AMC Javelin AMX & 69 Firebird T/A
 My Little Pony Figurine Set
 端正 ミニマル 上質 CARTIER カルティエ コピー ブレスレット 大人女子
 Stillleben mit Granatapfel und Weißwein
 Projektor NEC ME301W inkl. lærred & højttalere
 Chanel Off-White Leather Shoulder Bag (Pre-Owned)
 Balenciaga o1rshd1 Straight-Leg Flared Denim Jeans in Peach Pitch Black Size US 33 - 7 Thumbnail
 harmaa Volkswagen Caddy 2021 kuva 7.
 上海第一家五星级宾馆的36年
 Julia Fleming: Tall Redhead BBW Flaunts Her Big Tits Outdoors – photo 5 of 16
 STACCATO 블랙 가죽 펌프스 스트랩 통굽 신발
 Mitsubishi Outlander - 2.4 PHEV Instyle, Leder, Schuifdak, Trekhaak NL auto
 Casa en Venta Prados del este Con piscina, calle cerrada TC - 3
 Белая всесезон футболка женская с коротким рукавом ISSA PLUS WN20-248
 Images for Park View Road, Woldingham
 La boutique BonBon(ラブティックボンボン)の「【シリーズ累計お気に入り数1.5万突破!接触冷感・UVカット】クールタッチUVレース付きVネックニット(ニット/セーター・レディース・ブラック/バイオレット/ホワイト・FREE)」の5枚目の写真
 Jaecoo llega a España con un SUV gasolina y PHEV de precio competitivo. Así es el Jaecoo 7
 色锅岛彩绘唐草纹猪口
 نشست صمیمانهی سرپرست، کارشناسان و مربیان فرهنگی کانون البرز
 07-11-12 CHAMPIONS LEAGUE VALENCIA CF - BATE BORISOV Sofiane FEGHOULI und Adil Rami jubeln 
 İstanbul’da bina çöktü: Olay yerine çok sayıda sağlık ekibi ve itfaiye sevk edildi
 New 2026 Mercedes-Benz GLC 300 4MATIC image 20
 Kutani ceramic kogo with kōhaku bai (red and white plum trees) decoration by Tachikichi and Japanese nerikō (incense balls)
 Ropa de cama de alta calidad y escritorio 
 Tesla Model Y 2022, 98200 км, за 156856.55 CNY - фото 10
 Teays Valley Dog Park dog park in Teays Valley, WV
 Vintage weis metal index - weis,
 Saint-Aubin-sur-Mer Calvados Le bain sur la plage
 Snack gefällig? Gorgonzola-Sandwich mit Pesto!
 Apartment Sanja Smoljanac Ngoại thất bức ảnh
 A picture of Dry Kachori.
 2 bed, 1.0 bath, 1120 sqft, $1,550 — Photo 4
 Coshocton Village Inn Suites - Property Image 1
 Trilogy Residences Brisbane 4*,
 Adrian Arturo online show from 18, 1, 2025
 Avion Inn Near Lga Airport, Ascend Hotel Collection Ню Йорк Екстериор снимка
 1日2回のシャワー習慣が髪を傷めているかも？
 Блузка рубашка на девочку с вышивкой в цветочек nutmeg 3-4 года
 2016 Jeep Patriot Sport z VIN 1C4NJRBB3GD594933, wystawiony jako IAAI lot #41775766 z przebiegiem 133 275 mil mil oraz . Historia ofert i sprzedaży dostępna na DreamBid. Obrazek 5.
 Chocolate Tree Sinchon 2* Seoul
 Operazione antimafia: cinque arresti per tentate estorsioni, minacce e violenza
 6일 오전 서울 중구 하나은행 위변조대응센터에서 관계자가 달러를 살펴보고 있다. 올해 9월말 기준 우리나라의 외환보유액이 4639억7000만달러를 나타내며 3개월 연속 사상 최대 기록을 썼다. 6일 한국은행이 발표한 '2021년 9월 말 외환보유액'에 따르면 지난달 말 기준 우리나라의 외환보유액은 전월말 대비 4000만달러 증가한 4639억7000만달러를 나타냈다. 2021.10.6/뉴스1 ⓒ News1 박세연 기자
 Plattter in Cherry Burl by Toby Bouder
★ ★ ★
**Task instructions**
With the line that has "New 2026 Mercedes-Benz" as the first and the line that has "Operazione antimafia: cinque" as the last, repeat exactly that run of lines above and no more.

**Result**
 New 2026 Mercedes-Benz GLC 300 4MATIC image 20
 Kutani ceramic kogo with kōhaku bai (red and white plum trees) decoration by Tachikichi and Japanese nerikō (incense balls)
 Ropa de cama de alta calidad y escritorio 
 Tesla Model Y 2022, 98200 км, за 156856.55 CNY - фото 10
 Teays Valley Dog Park dog park in Teays Valley, WV
 Vintage weis metal index - weis,
 Saint-Aubin-sur-Mer Calvados Le bain sur la plage
 Snack gefällig? Gorgonzola-Sandwich mit Pesto!
 Apartment Sanja Smoljanac Ngoại thất bức ảnh
 A picture of Dry Kachori.
 2 bed, 1.0 bath, 1120 sqft, $1,550 — Photo 4
 Coshocton Village Inn Suites - Property Image 1
 Trilogy Residences Brisbane 4*,
 Adrian Arturo online show from 18, 1, 2025
 Avion Inn Near Lga Airport, Ascend Hotel Collection Ню Йорк Екстериор снимка
 1日2回のシャワー習慣が髪を傷めているかも？
 Блузка рубашка на девочку с вышивкой в цветочек nutmeg 3-4 года
 2016 Jeep Patriot Sport z VIN 1C4NJRBB3GD594933, wystawiony jako IAAI lot #41775766 z przebiegiem 133 275 mil mil oraz . Historia ofert i sprzedaży dostępna na DreamBid. Obrazek 5.
 Chocolate Tree Sinchon 2* Seoul
 Operazione antimafia: cinque arresti per tentate estorsioni, minacce e violenza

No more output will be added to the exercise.